|Full name||Sergei Semyonovich Urusov|
|Born||3 September 1827|
Prince Sergey Semyonovich Urusov Russian: Сергей Семёнович Урусов (3 August 1827 - 20 November 1897) was a leading 19th century Russian chess player; he was also a self-published amateur mathematician. His brother Dmitry Urusov (1829-1903) was also a strong player.
He was a member of the Russian nobility, holding the title of Prince (Knyaz), and an officer in the Tsarist army. In 1853 he played a few games against Alexander Petrov who was visiting Saint Petersburg; the score is usually given as 3-1 in favour of Petrov (sources vary on this).
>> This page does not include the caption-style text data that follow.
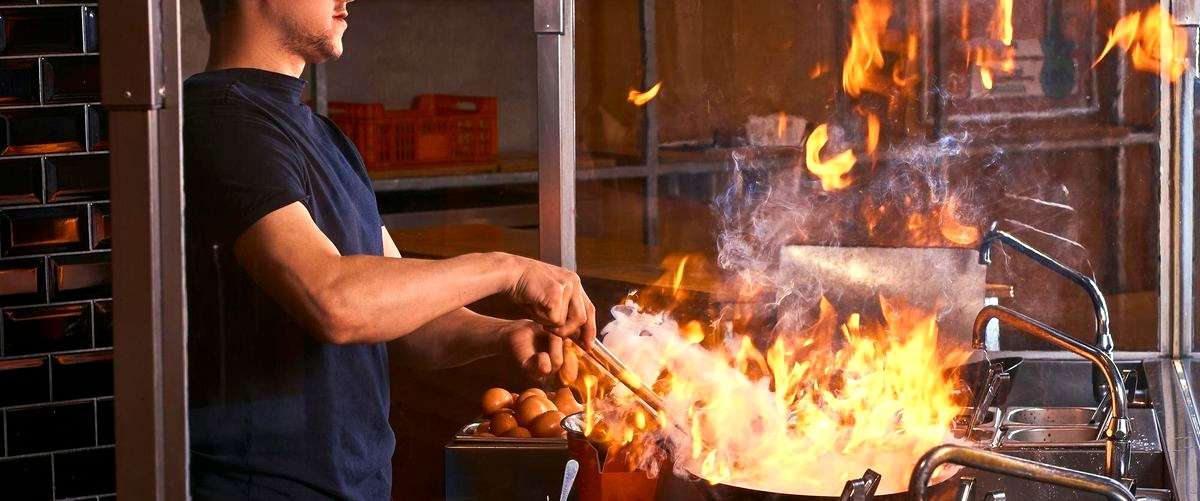 ¿Qué se puede comer en un restaurante de comida estilo wok en Lugo?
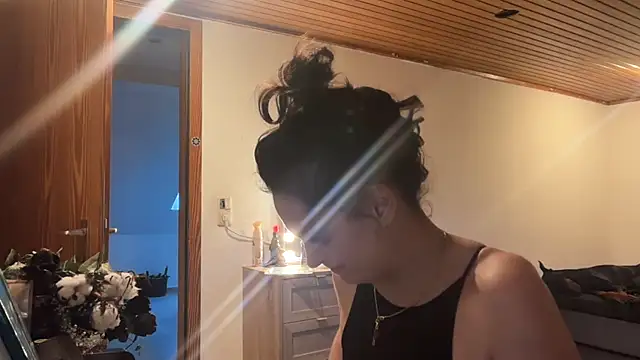 JeSuisUnTapin online show from 12.19.25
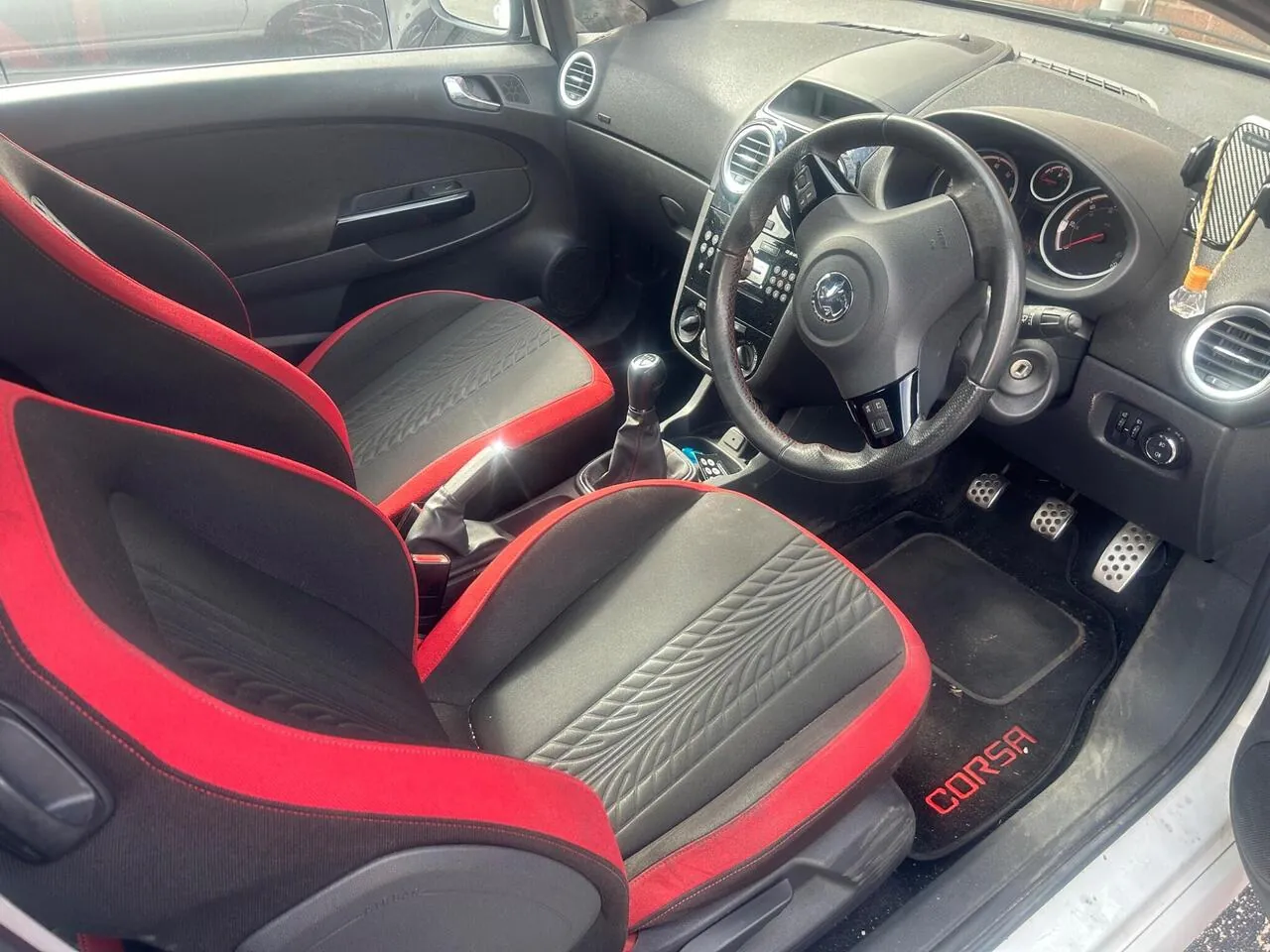 Vauxhall Corsa 2012 photo 4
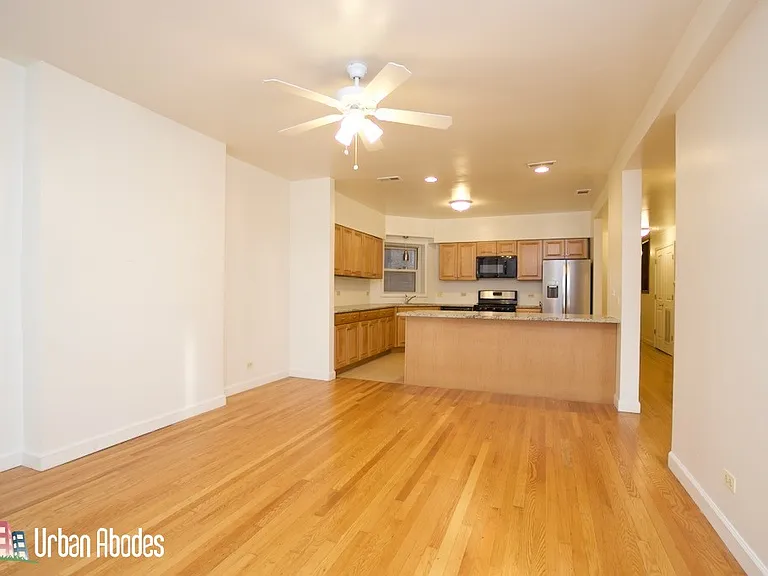 6713 N Sheridan Rd #2N — Photo 4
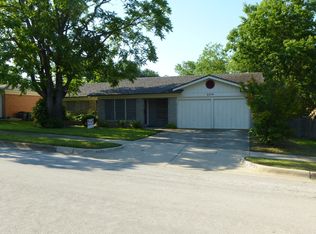 8279 Longford Dr, Fort Worth, TX 76116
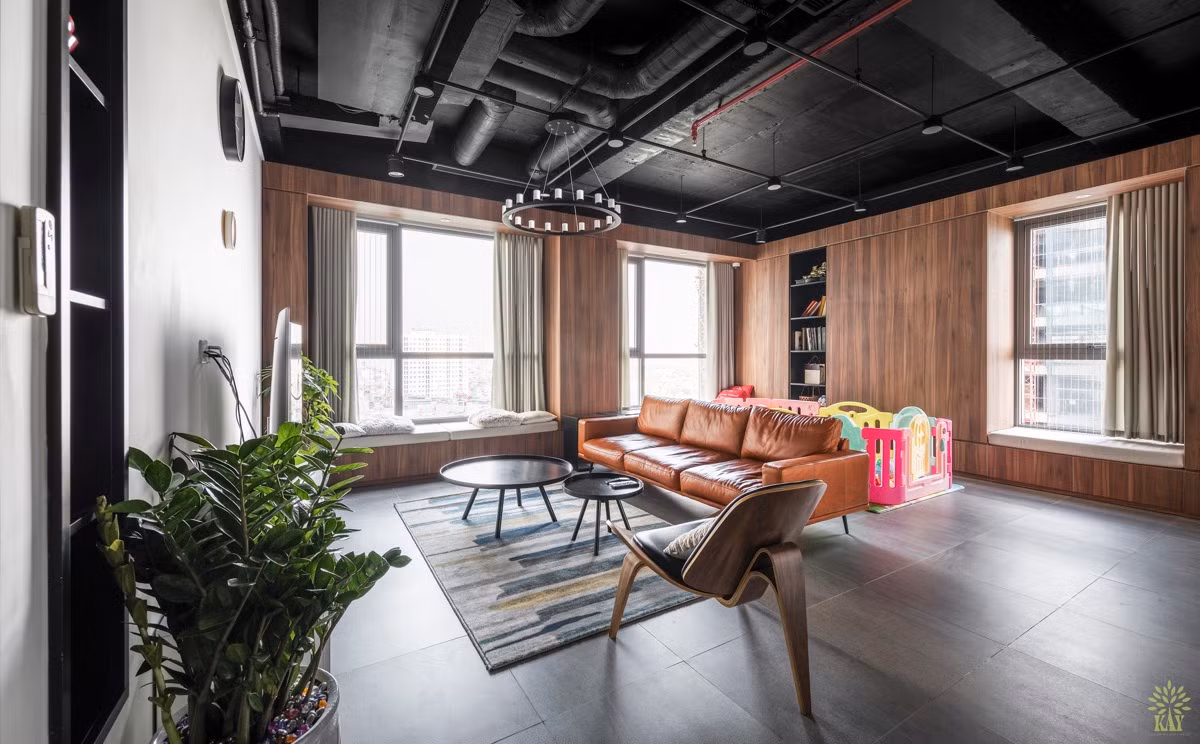 Trần nhà căn hộ thể hiện rõ nét đặc trưng của phong cách công nghiệp.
The same year he won a match against Ilya Shumov by 4-3, and again in 1854 by a score of 12-9. Also in 1854, he drew a match against Carl von Jaenisch by a score of 2-2.
He fought in the Crimean War in 1854-55, and was awarded the Order of Saint George for bravery during the Siege of Sevastopol. During the war he met Leo Tolstoy; the two became long term friends, exchanging frequent correspondence. They later fell out after Tolstoy left the Russian Orthodox Church.
Following the Crimean War, he left the army and devoted himself to chess. There were few organised tournaments at the time, so his chess activity consisted primarily of individual matches. He was considered the second strongest Russian player after Petrov, who beat him again in 1859 by a score of +13 -7 =1; the same year he won matches against Shumov and Viktor Mikhailov. He drew a match against the Austrian Ignatz Kolisch in 1862, who was one of the strongest players in the world at the time, and defeated the strong German player Philipp Hirschfeld in 1866.
In 1878 he retired from chess and bequeathed his valuable collection of chess books to Ilya Tolstoy.
The Urusov Gambit in the Bishop's Opening (1.e4 e5 2.Bc4 Nf6 3.d4 exd4 4.Nf3) is named after him.